The United States women's football team are lodging an appeal against the decision to deny them equal pay as the men's team.
28 members of the squad had filed lawsuits against their own footballing body, the US Soccer Federation (USSF), seeking $66m (£52.8m) in damages under the Equal Pay Act.
Two new motions were filed in federal district court on Friday, firstly to postpone the trial set to begin on 16 June and secondly to seek immediate appeal over the decision made by judge Gary Klausner last week. The 16 June trail refers to players' case for unfair treatment in travel, housing and medical support, something the judge allowed to go to court.
The ruling came as a blow to the USWNT, who are trying to prove that their federation has paid them less than their male counterparts solely based on their gender.
The court's verdict (via the BBC) said: "The women's team has been paid more on both a cumulative and an average per-game basis than the men's team over the class period."
Since the decision, a spokeswoman for the USWNT, Molly Levinson, confirmed an appeal was lodged in response.
"Equal pay means paying women players the same rate for winning a game as men get paid," she said. "The argument that women are paid enough if they make close to the same amount as men while winning more than twice as often is not equal pay."
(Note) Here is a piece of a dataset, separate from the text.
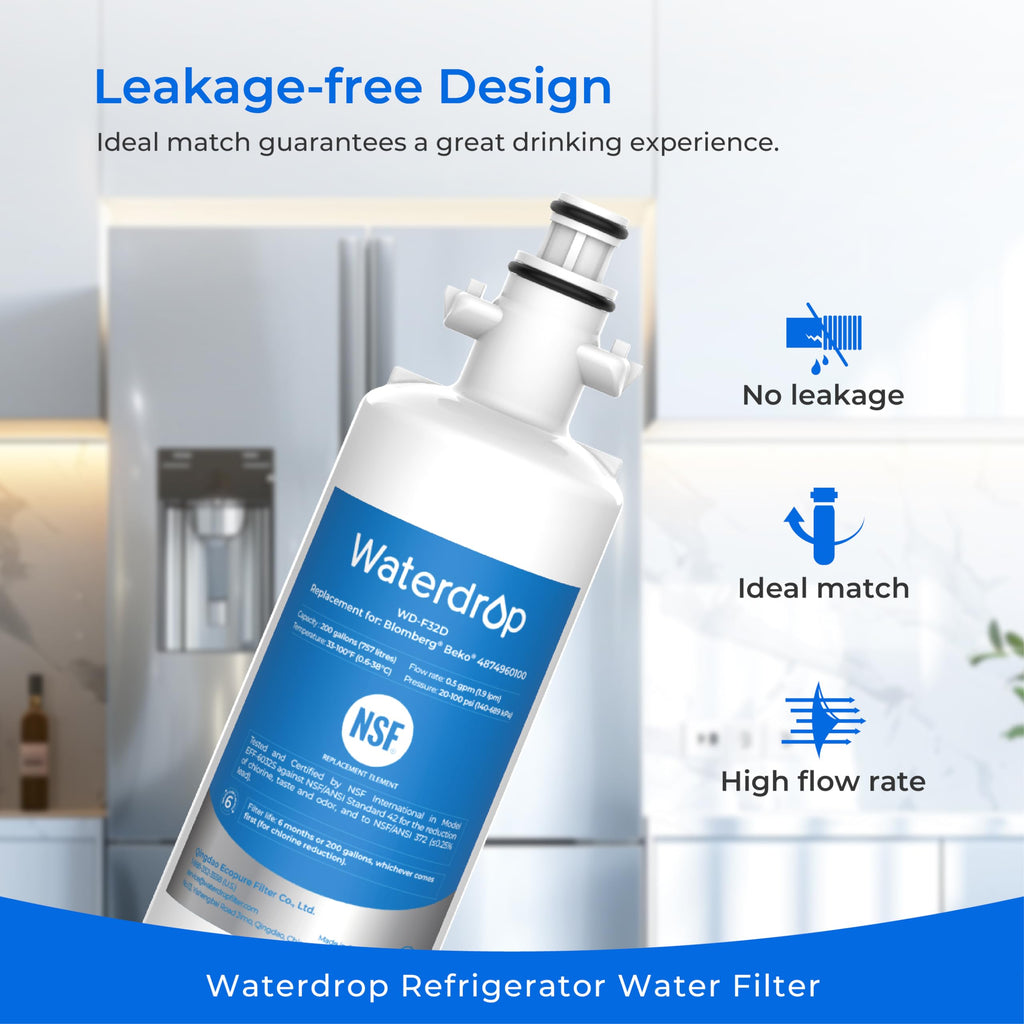Waterdrop WD-F32D Water Filter Replacement for Blomberg Beko 4874960100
The view of the USWNT has garnered huge response, with one of the key arguments in their defence being the significantly more successful achievements of the women's team over the men's team. The United States' team won the Women's World Cup last summer to secure a fourth title in total, which has been added to with five Olympic gold medals.
On the other hand, the men's side have never finished higher than third place in a World Cup competition - which they managed in the inaugural 1930 edition - with a quarter-final spot in 2002 being their best since.